Is there a scheme where no one person sits out for more than 1 game in a row? I assume not, but is there a way to prove that?

It seems to me that if there are M players, there is a minimum N number of games that players must sit out in a row, under any scheme.

Has this problem (i.e. finding N as a function of M) been solved in some area of mathematics, under a different guise?

I’m assuming you only have the facilities to run one game at a time, and that everyone shows up at the beginning. No, there is no such scheme.

Four players mean each plays three games, and there are six total games. For people to play every other game is possible, but the pairings wouldn’t change. Therefore, in a tournament format at least one person is going to sit out multiple games in a row.

Assumptions:

• There are 4 players
• A game consists of 2 people
• Only one game can be played at a time
• Each player must play every other player.

Pick two people at random to play first, label them A and B; label the others C and D. In order for C or D to not sit out twice in a row, they must both be in the next game. In determining who shall play the third game, A and B just sat out so they must play again. But then A never plays anyone but B. Thus any schedule that has each player play someone else will require someone to sit out two or more games in a row.

The same reasoning shows that someone must play two games in a row.
As for extending it to larger number, it’s possible but much harder.

Missed edit window after i realized I knew what was going on, ugh.

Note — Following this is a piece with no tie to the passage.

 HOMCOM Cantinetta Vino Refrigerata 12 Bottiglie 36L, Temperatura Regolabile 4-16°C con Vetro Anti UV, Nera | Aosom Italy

I’m sure someone that’s deep into combinatorics has studied this problem. In combinatorics I remember studying something called “balanced incomplete block designs” which is a more inclusive name to schemes of forming various groups in a systematic way such that each member was included in the same number of groups and each group had the same number of members(that is, balanced), but each group did not contain every member(incomplete). I recall a bunch of equations relating some of the important quantities, but not anything related to the spans of groups of which a member is not part of. I think there might be a counting argument similar to the smallest non-trivial case you just suggested, but I’d have to look into it.

A v B -> W1
C v D -> W2
W1 v W2